The abdominal wall has a layered structure. From superficial to deep, the structures of the abdominal wall are skin, fascia, external oblique fascia and muscle, internal oblique fascia and muscle, transversus abdominis muscle and fascia, and the transversalis fascia. The posterior fascia is deficient in the lower 1/3 of the rectus, so descriptions of tears of the posterior sheath in this region are not accurate. Fibers from the rectus, conjoint tendon (fusion of the internal oblique and transversus abdominis fascia), and external oblique merge to form the pubic aponeurosis which is confluent with the adductor and gracilis origin.

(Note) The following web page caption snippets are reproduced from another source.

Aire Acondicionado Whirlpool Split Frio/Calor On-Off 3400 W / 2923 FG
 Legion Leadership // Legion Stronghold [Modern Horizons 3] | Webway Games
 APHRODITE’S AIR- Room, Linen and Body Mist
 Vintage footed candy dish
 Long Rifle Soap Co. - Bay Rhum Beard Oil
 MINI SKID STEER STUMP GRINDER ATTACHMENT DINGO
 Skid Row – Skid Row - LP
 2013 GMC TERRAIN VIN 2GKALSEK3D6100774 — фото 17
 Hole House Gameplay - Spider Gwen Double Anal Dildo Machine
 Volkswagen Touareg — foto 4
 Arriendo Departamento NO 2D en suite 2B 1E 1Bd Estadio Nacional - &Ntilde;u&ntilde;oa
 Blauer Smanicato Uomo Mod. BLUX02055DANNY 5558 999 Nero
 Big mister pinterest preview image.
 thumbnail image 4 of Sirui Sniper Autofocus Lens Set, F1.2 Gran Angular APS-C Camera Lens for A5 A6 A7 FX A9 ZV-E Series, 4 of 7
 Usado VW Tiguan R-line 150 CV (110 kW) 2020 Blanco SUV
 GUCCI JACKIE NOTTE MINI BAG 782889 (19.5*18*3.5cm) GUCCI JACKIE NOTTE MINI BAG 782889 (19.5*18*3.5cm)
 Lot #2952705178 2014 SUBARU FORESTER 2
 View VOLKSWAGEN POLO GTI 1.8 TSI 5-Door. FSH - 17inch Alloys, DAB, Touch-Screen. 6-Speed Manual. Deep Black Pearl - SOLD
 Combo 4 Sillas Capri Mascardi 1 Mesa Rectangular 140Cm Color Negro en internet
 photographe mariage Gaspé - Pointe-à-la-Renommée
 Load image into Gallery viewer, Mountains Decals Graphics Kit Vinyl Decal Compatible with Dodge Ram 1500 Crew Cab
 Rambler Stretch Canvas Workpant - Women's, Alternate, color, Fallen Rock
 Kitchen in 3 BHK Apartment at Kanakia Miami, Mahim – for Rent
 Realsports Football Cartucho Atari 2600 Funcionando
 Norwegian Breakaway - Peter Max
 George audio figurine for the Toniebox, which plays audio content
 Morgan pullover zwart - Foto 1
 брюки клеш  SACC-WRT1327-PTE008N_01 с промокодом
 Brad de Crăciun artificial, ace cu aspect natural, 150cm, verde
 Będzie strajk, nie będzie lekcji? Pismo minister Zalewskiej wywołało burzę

The conjoint tendon inserts anterior to the rectus abdominis on the pubis [15].

During core rotation and extension, the rectus abdominis and the adductor longus act as antagonists (Fig. 3). The rectus elevates the pelvis while the adductor depresses it. Injuring one of the components tends to cause abnormal biomechanical forces on opposing muscles and tendons leading to further injury at the aponeurosis and the tenoperiosteal attachments [16]. Detachment of the aponeurosis itself can lead to instability of the pubic symphysis, as injury to the arcuate or anterior pubic ligaments. Altering the biomechanics of the core may subsequently lead to abnormal forces throughout the upper and lower extremities that may ultimately lead to aggravation of hip impingement, labral tears, knee ligament injuries, and even ankle sprains [17].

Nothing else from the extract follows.